H.R. 1185 - Global Access to HIV/AIDS Medicines Act of 2001 - A bill to prohibit the revocation or revision of any intellectual property or competition law or policy of a developing country that regulates HIV/AIDS pharmaceuticals or medical technologies. Introduced March 22, 2001 by Rep. Barbara Lee (D-CA), H.R. 1185 was referred to Energy and Commerce and Judiciary Committees.
H.R. 1194 - Harold Hughes-Bill Emerson Substance Abuse Treatment Parity Act of 2001 - Introduced March 22, 2001 by Rep. Ramstad (R-MN). A bill to amend the Employee Retirement Income Security Act of 1974, Public Health Service Act, and the Internal Revenue Code of 1986 to provide parity with respect to substance abuse treatment benefits under group health plans and health insurance coverage.
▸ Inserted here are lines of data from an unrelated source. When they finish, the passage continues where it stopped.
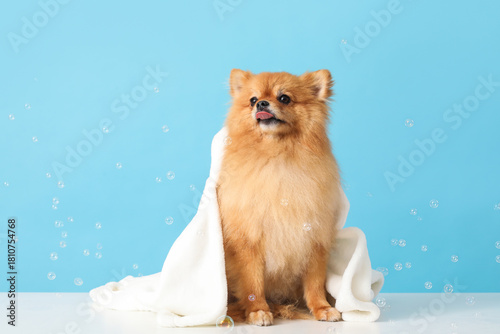 Cute Pomeranian dog with to...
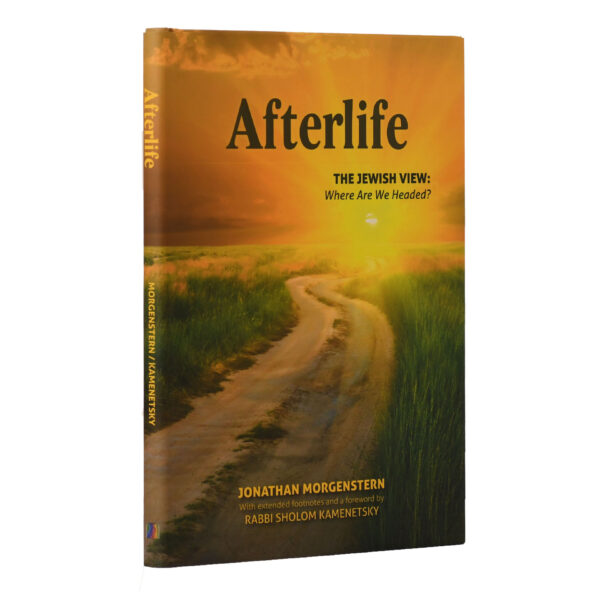 AFTERLIFE THE JEWISH VIEW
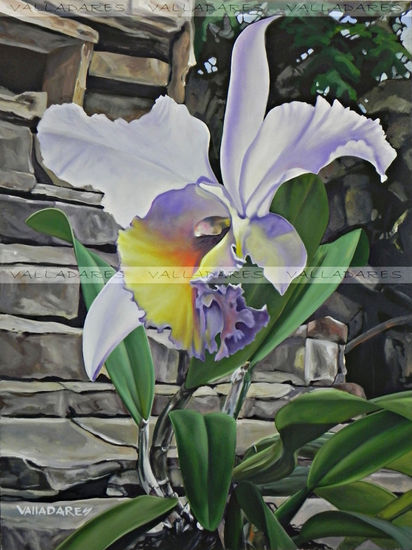 "La orquidea de Yolanda" Oil Canvas Floral Painting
H.R. 1194 was referred to the Committee on Education and the Workforce, House Energy and Commerce, House Ways and Means.
H.R. 1260 - Ban on Human Cloning Act - On March 28, 2001, Rep. Kerns (R-IN) introduced H.R. 1260, which was referred to the Judiciary Committee.
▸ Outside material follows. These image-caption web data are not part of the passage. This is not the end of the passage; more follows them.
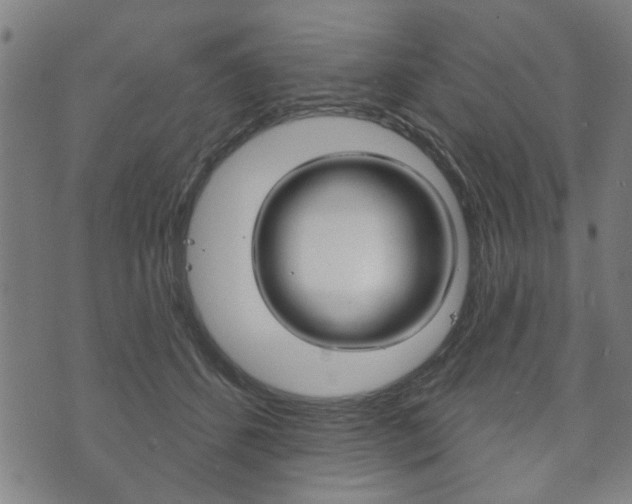X0000073760512200608031114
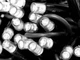 Гирлянда уличная 10м черный провод LED мерцающая белая 220 В 100 Вт - изображение 3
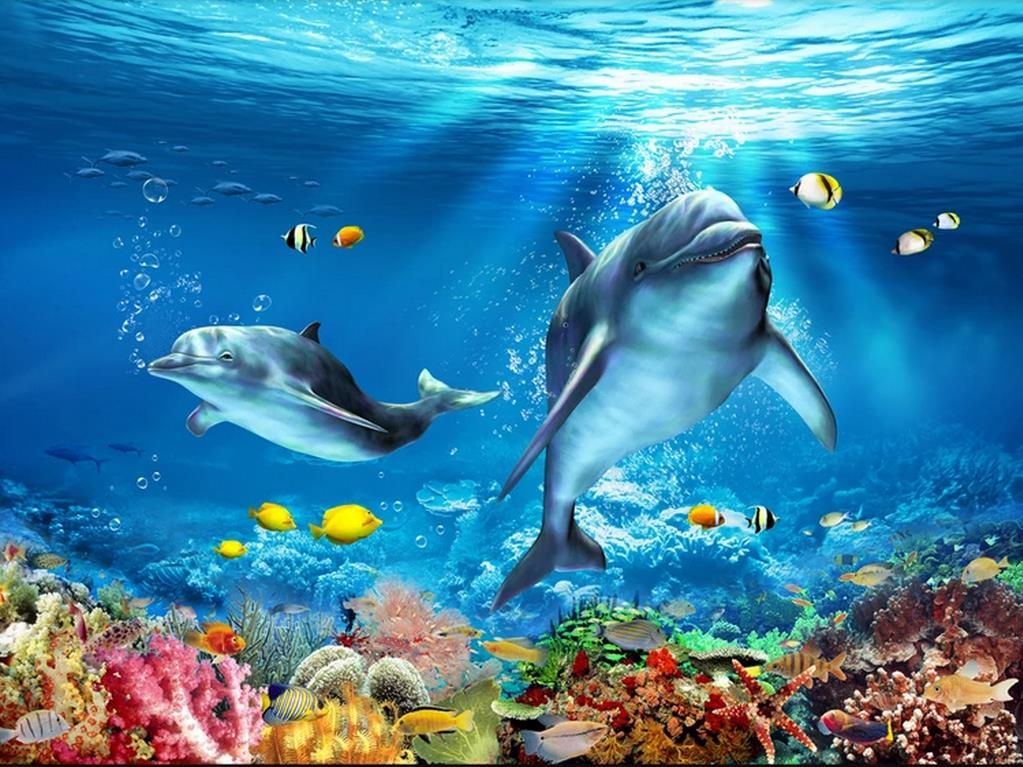 Wholesale-murals-3d wallpapers home decor Photo background wallpaper Dolphin 3D Underwater World Floor Tiles children's room mural wallpaper Wholesale-murals-3d wallpapers home decor Photo background wallpaper Dolphin 3D Underwater World Floor Tiles children's room mural wallpaper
H.R. 1340 - Biomedical Research Assistance Voluntary Option Act - On April 3, 2001, Rep. Bilirakis (R-FL) introduced H.R. 1340, a bill to amend the IRS Code of 1986 to allow taxpayers to designate that part or all of any income tax refund be paid over for use in biomedical research conducted through NIH. H.R. 1340 was referred to the Committees on Ways and Means and Energy and Commerce.
H.R. 1454 - A bill to prohibit the importation of bidi cigarettes - On April 4, 2001, Rep. Gallegly (R-CA) introduced H.R. 1454. The bill cites the economic and health related reasons for the legislation. For example, it states that 430,000 people die every year from tobacco use; medical expenses from treating smoking-related diseases cost the U.S. economy $89,000,000,000 annually; studies indicate that bidi cigarettes manufactured with flavors, such as strawberry, chocolate, and mandarin orange, are more likely to induce children to smoke; and that bidi cigarettes are more likely to be sold illegally to youth and without required warning labels; because of similar appearance to marijuana cigarettes, bidi cigarettes are considered to be a more likely "gateway drug", and could lead to more children using illegal drugs; and bidi cigarettes generally deliver 3 to 8 times more nicotine, 3 times more carbon monoxide and 5 times more tar, as well as higher levels of phenol, ammonia, nitrosamines, and hydrogen cyanide, than conventional U.S. filtered cigarettes. H.R. 1454 was referred to the Committee on Ways and Means.